The leader of The Barclays was walking off the 13th green, having made an important birdie that brought him to 9 under par, and the crowd was going crazy. Not for Patrick Reed. The people were cheering their hearts out for Phil Mickelson, who just had made par to remain 1 over.

It kept going that way right to the clubhouse for Mickelson, the people’s choice at the people’s course. He has been a hero at Bethpage Black since the Long Island crowd spontaneously adopted him during the 2002 U.S. Open. He still is, even when he is closer to missing the cut than making a run, as he was Friday.

As he approached the par-3 14th green, he was loudly saluted by the patrons in the tent overlooking it, a spirited (wink, wink) chateau called the William Hill Estate Wine Lounge. Mickelson merely had to walk toward his ball and folks in there chanted “Phil! Phil! Phil! Phil!” They gave him a hero’s sendoff after another par. Someone shouted, “Give us a wave, Phil!” and he gave them a thumbs up, which provoked a louder cheer.

On his way across the road to the 15th tee, he gave his golf ball to a child and gave a fist bump to a man, who later was heard telling a friend, “I got it on video!”

By any measure, the crowds at Bethpage Black this week were smaller and quieter than they were for the Opens in 2002 and 2009. Except for the cheering directed at one man. Mickelson got some major love.

He also got serious mojo when he was at 2 over following a bogey on No. 15 and appeared to be right on the cut line (it eventually became 3 over, but no one could tell at the time). Mickelson gave his public what it wanted and gave himself what he needed when he floated a 5-iron 210 yards to the 17th green, landed it 7 feet from the hole and made the birdie putt to reach 1 over. “It was the only putt I made all day,” he said, without mentioning that if he only had done that in 2009, his name would be on the U.S. Open trophy and he would be on that short list of modern Grand Slam winners.

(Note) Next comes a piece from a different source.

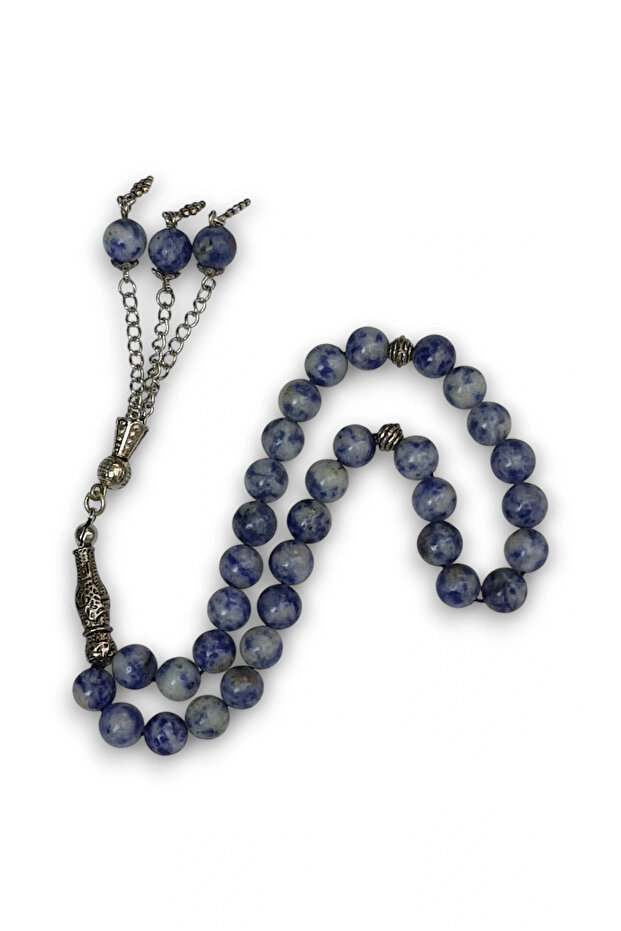 Natural Stone Blue Quartz Prayer Beads 8mm Sphere Cut 221-3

The thing is, Mickelson does not get bogged down by disappointment. He keeps on trying and seeing the bright side, which is one of the reasons people here like him so much. “I’m excited about the weekend,” he said after shooting 73, “because any time you have a chance to play on this golf course in front of this crowd, it’s an incredible experience.”

As he spoke with reporters outside the clubhouse, a crowd, composed mostly of young people, kept cheering him. A child’s voice shouted, “Phil, I’m a lefty just like you!”

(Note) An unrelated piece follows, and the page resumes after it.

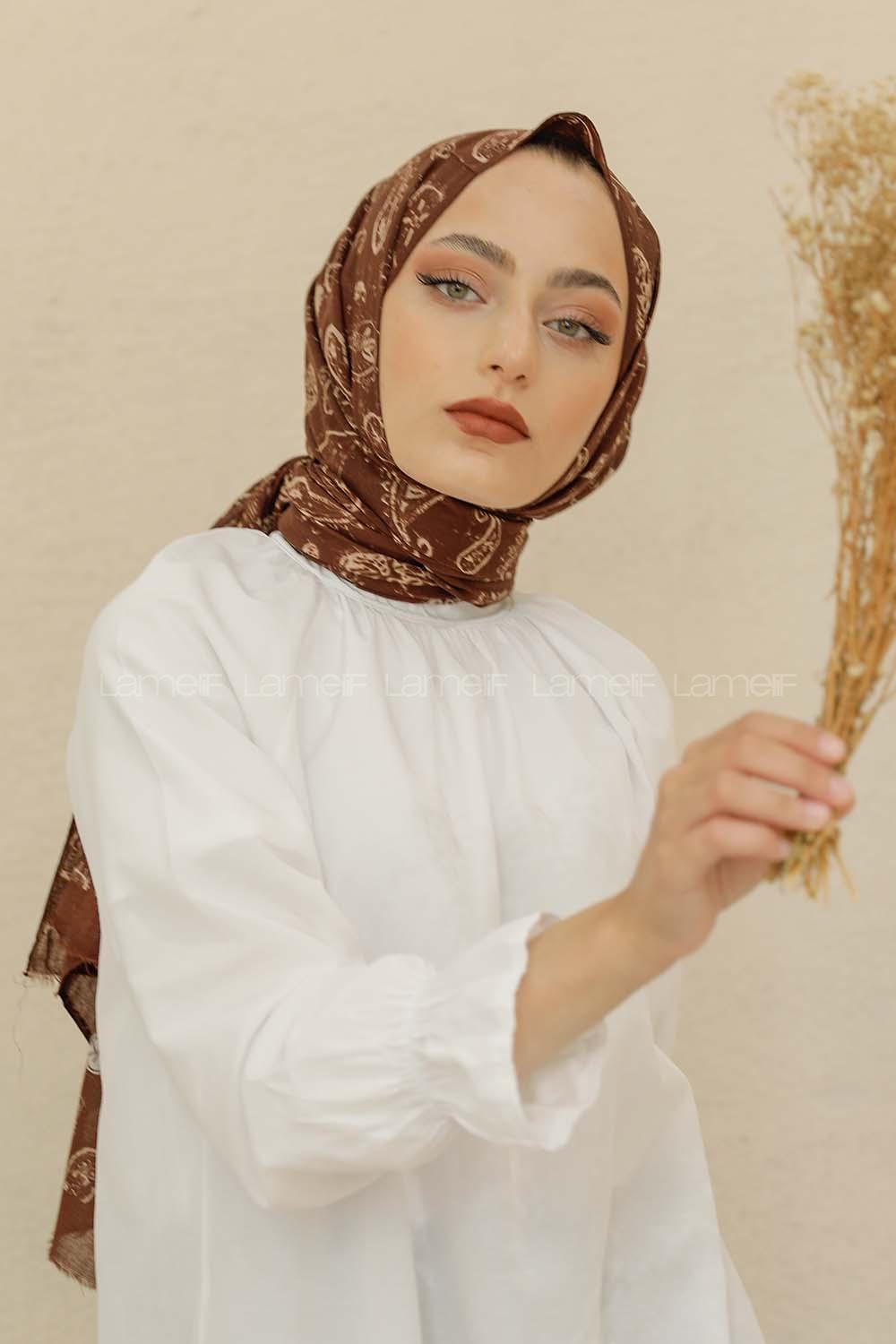 Modalamelif Kahve Rengi Motif Baskılı Pamuk Vual Şal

“It’s great. I love it,” Mickelson said. “People are incredible here. It’s fun and it’s a unique experience.”

Even playing partner Reed got a kick out of it. “They were loud. They were getting rowdy as the day was going on and it was fun. It was good,” he said after a 68 that topped the field at 8 under. “I was able to feed off energy from the crowd and kind of run with it.”

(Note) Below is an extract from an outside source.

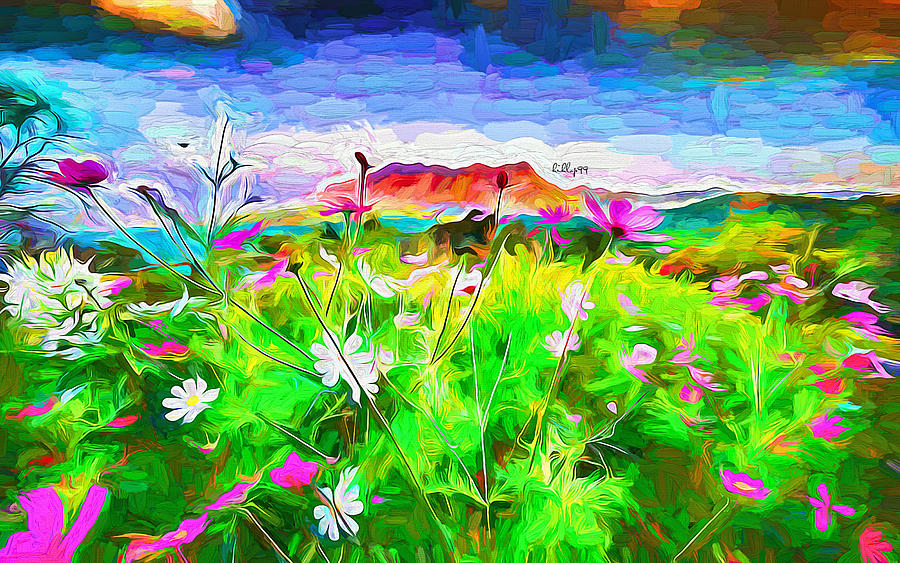 Flowers field Painting by Nenad Vasic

Who knows if this is Phil’s last hurrah as a player at Bethpage? The PGA Championship will be here in 2019, but will he be able to contend in a major on this behemoth at 49?

In any case, the smart money says he will be named captain of the U.S. Ryder Cup team when that event is held on the Black in 2024. When they finally are ready to make that official, they shouldn’t hold a news conference in a fancy restaurant. They should have a public rally at Bethpage State Park and let the crowd make the introduction: “Phil! Phil! Phil! Phil!”